Od czasu wprowadzenia reżimu kontrolnego na granicach, wiele rodzin pozostało bez pracy lub żyje w rozłące, wybierając mniejsze zło. Taka sytuacja potrwa co najmniej do 3 maja, ale wielu z pracowników transgranicznych obawia się jego przedłużenia.

Dla nich obowiązek odbycia kwarantanny po przekroczeniu granicy rysuje widmo utraty pracy. Problem dotyczy kilkunastu tysięcy polskich pracowników przygranicznych, zatrudnionych w czeskich kopalniach, montowniach samochodów, pobliskiej hucie czy w wielu małych wytwórniach.

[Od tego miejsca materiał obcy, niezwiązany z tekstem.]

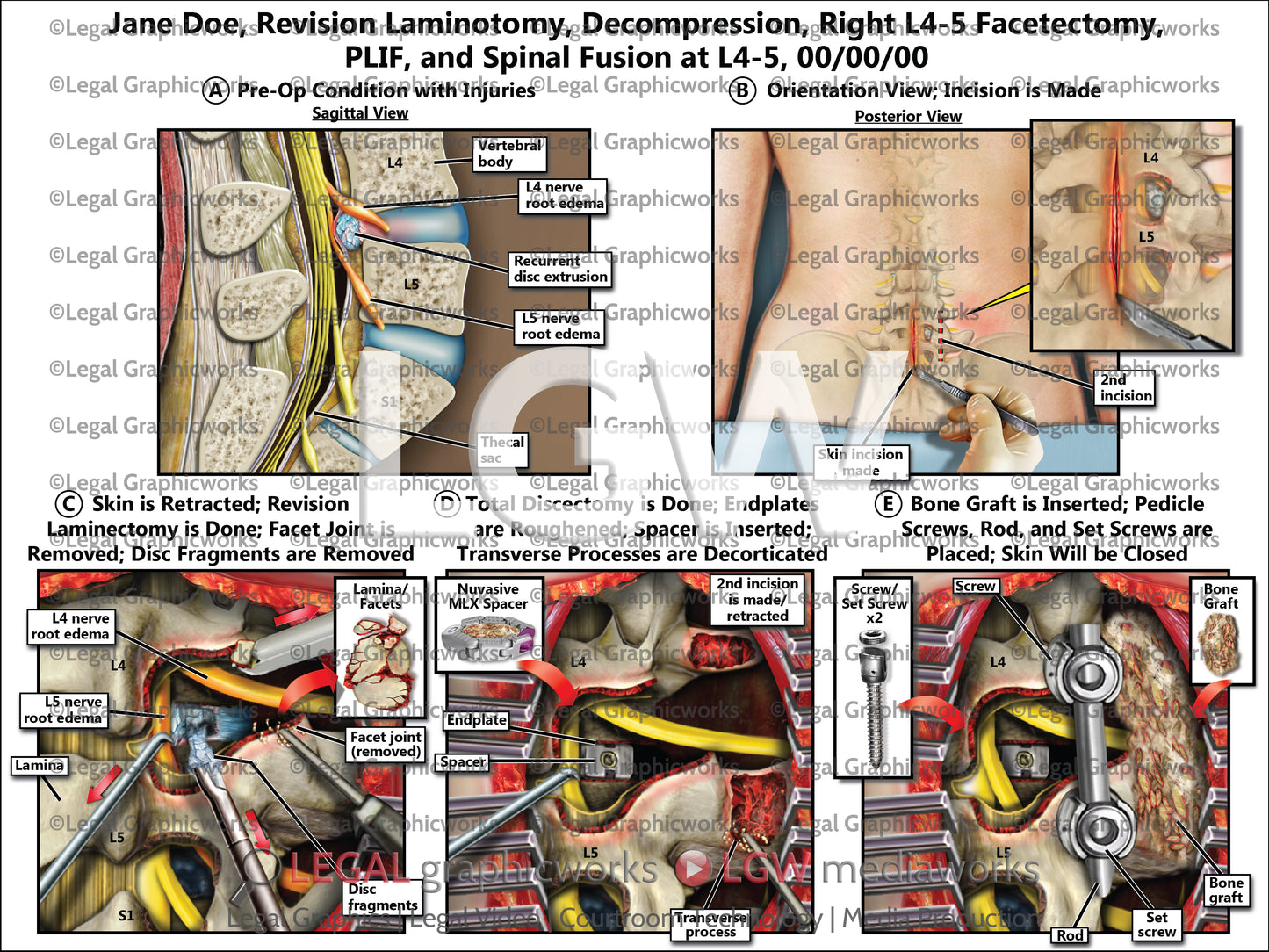 Revision Laminotomy, Decompression, Right L4-5 Facetectomy, PLIF, and Spinal Fusion at L4-5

- Boję się o zdrowie własne, jak i mojej rodziny, ale jeszcze bardziej utraty pracy. Kończą się oszczędności, a w czasach kryzysu nie tak łatwo będzie znaleźć zatrudnienie. Dla nas to stres i niepewność jutra, dlatego tu jestem - mówi jedna z uczestniczek.

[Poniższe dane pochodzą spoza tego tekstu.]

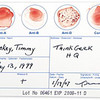 DIY Blood Typing Test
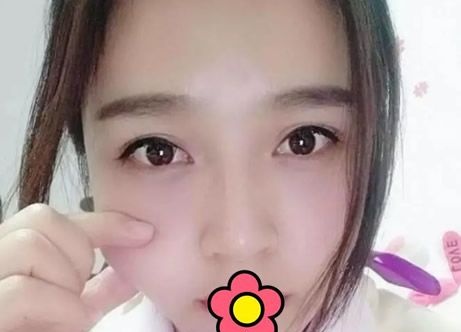 感觉注射玻尿酸隆鼻很麻烦就找呼和浩特京美朱京成做了鼻综合隆鼻手术 恢复的贼拉快 图2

Ze względu na zakaz zgromadzeń, wczorajszy protest przybrał formę spaceru. Trzymając w ręku transparenty i wznosząc hasła, mieszkańcy Śląska Cieszyńskiego przeszli wzdłuż rzeki Olzy między mostami granicznymi. Domagali się zniesienia kwarantanny dla pracowników transgranicznych oraz określenia konkretnego terminu otwarcia granic. Tutaj wszyscy mówili jednym głosem, robotnicy, przedsiębiorcy prowadzący za Olzą działalność jak i przedstawiciele lokalnych samorządów. Wszystkim ta sprawa leży na sercu.